KPK dan BPK berbeda pendapat mengenai tentang ada atau tidaknya unsur perbuatan melawan hukum di dalam kasus RS Sumber Waras. Sebenarnya, mengapa dua lembaga ini bisa berbeda pandangan?
Perbedaan pandangan itu ada dalam peraturan perundangan yang digunakan kedua belah pihak. KPK menggunakan Perpres No 40 Tahun 2014 dan juga Surat Peraturan Kepala BPN Nomor 5 Tahun 2012.
Perpres no 40 Tahun 2014 itu merupakan Pepres yang menggantikan Pepres no 71 Tahun 2012. Aturan tersebut mengatur mengenai pengadaan tanah demi kepentingan umum. KPK menyatakan perbedaan pokok dengan BPK terletak pada peraturan ini.
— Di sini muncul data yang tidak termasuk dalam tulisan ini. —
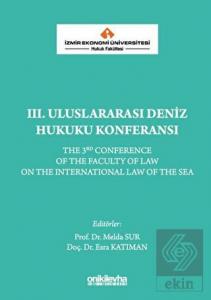 3. Uluslararası Deniz Hukuku Konferansı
"Poin yang pokok, perbedaan penggunaan aturan. Perpres Nomor 40 Tahun 2014 itu sebetulnya banyak yang disampaikan di laporan BPK menjadi gugur, itu coba didalami pada waktu auditor BPK bertemu penyelidik kami," ujar Ketua KPK Agus Rahardjo dalam rapat dengar pendapat dengan Komisi III DPR, pada hari Rabu (15/6/2016) lalu.
Dengan menggunakan Perpres itu disebutkan adanya perubahan mekanisme mengenai pembelian tanah oleh instansi lembaga. Ketentuan itu mengenai adanya tahapan perencanaan untuk pembelian lahan di bawah 5 hektare.
"Dalam rangka efisiensi dan efektivitas pengadaan tanah untuk kepentingan umum yang luasnya tidak lebih dari lima hektar, dapat dilakukan langsung oleh instansi yang memerlukan tanah dengan para pemegang hak atas tanah, dengan cara jual beli atau tukar menukar atau cara lain yang disepakati kedua belah pihak," demikian bunyi Pasal 121 dalam Pepres tersebut.
Lahan RS Sumber Waras yang dibeli Pemprov DKI sendiri seluas 3,6 hektare.
Hari ini, Senin (20/6/2016), pimpinan KPK bertandang ke BPK untuk membahas hal ini. Dua unsur pimpinan lembaga negara ini pun mengadakan konferensi pers bersama.
Ditanya wartawan mengenai perbedaan penggunaan peraturan tersebut, Agus mengatakan tim penyelidik KPK dan auditor BPK akan berdiskusi lebih lanjut.
"Mudah-mudahan dengan pendalaman itu nanti kita sudah lihat lagi memang," ujar Agus.